Carroll County Times
Carroll County News

Turnout light, incumbents strong in Carroll's primary

Turnout was light as Carroll County went to the polls on Tuesday, June 26 for Maryland’s gubernatorial primary election with 23,862 ballots cast. That’s about 20 percent of Carroll’s registered voters, with absentee and provisional ballots still to be counted.

Four years ago, the last time a Maryland gubernatorial primary was held, 28,955 votes were cast, meaning 25.32 percent of registered voters cast ballots.


Several candidates expressed disappointment with the turnout. Still, there were a few close races and incumbents generally did quite well.

The next Board of County Commissioners took shape.


Incumbent Stephen Wantz and Ed Rothstein won in the District 1 and 5 Republican races for county commissioner. Republican incumbent Richard Weaver ran unopposed in District 2.

Without a Democratic challenger in Districts 1, 2 and 5, Wantz and Weaver will return to the board, joined by Rothstein.

Christopher “Eric” Bouchat defeated his Republican opponents in District 4 and Democrat Paul Johnson in District 4 ran unopposed. Bouchat and Johnson will face each other in the general to determine the District 4 commissioner.

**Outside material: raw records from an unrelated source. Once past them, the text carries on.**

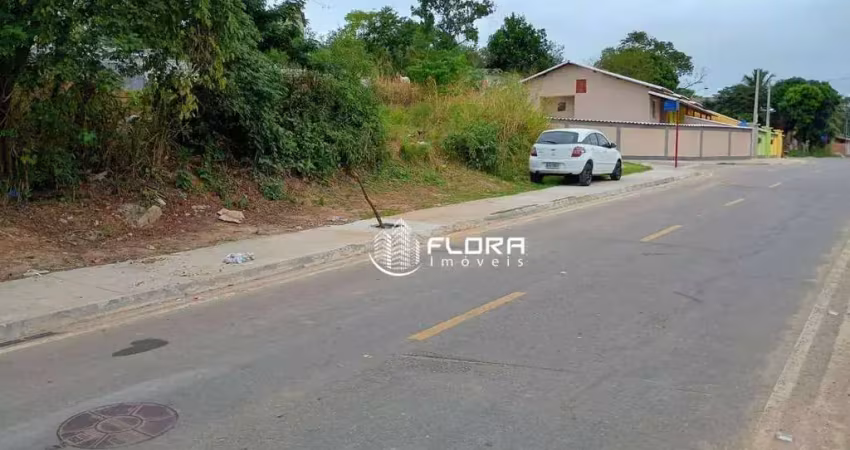 Terreno à venda, com 584 m² por r$ 280.000 - são josé do imbassaí - maricá/rj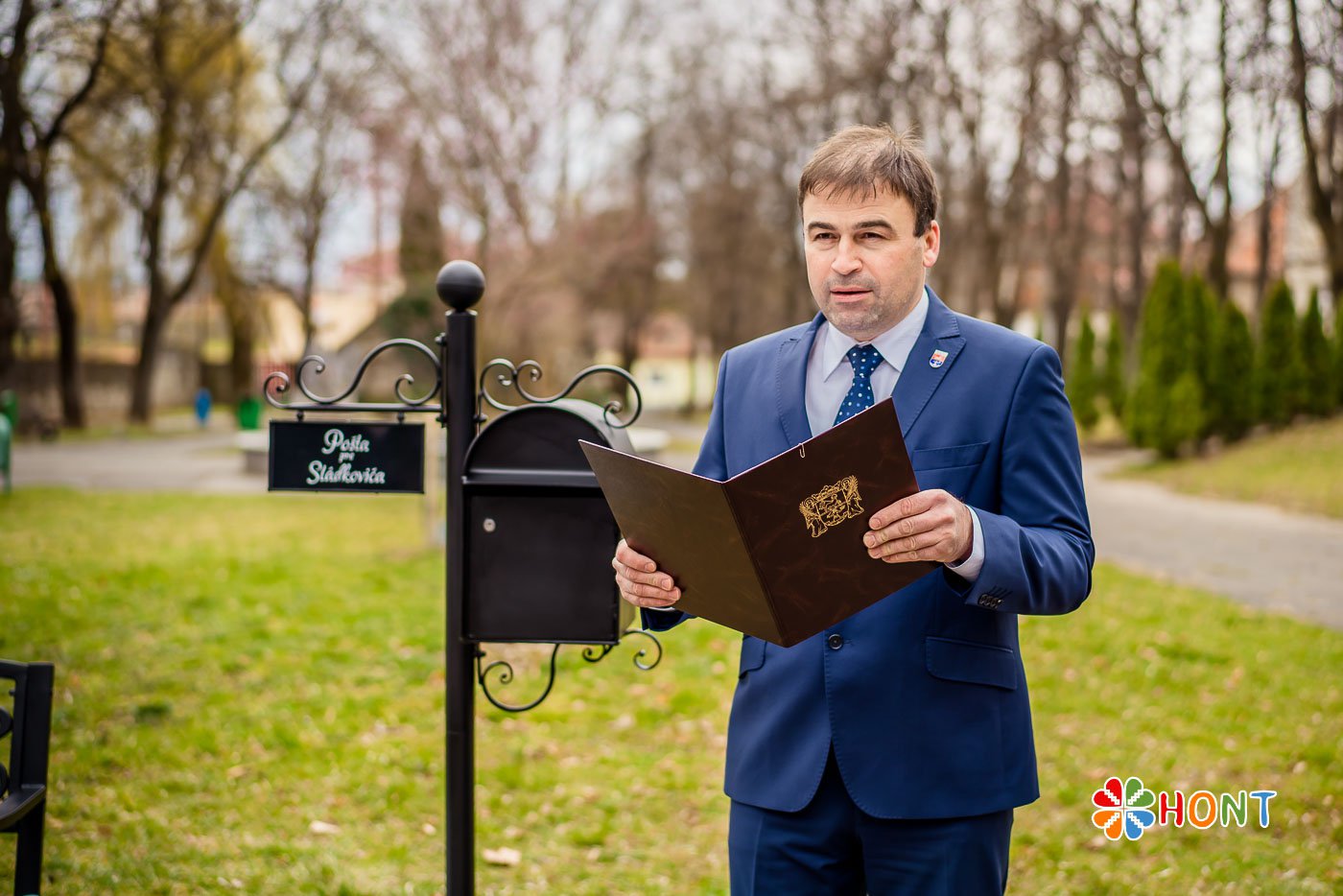 Slávnostná spomienka na 200. výročie narodenia Andreja Sládkoviča v Krupine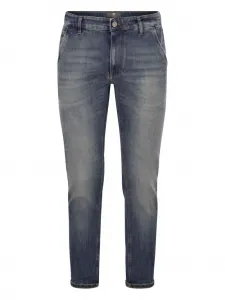 Джинсы Indie с карманами Pt Torino, синий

Incumbent Dennis Frazier appears to have narrowly edged opponent Tom Gordon in the Republican District 3 commissioner race. With 7 of 7 precincts in District 3 reporting, Frazier topped Gordon by 59 votes. On the Democratic side, Maria Warburton will move on to the general election in District 3.

For Judge of the Circuit Court, sitting judge Richard Titus handidly won the Republican primary while Maria Oesterreicher was the top vote-getter on the Democratic side, and they will now face off in the general election.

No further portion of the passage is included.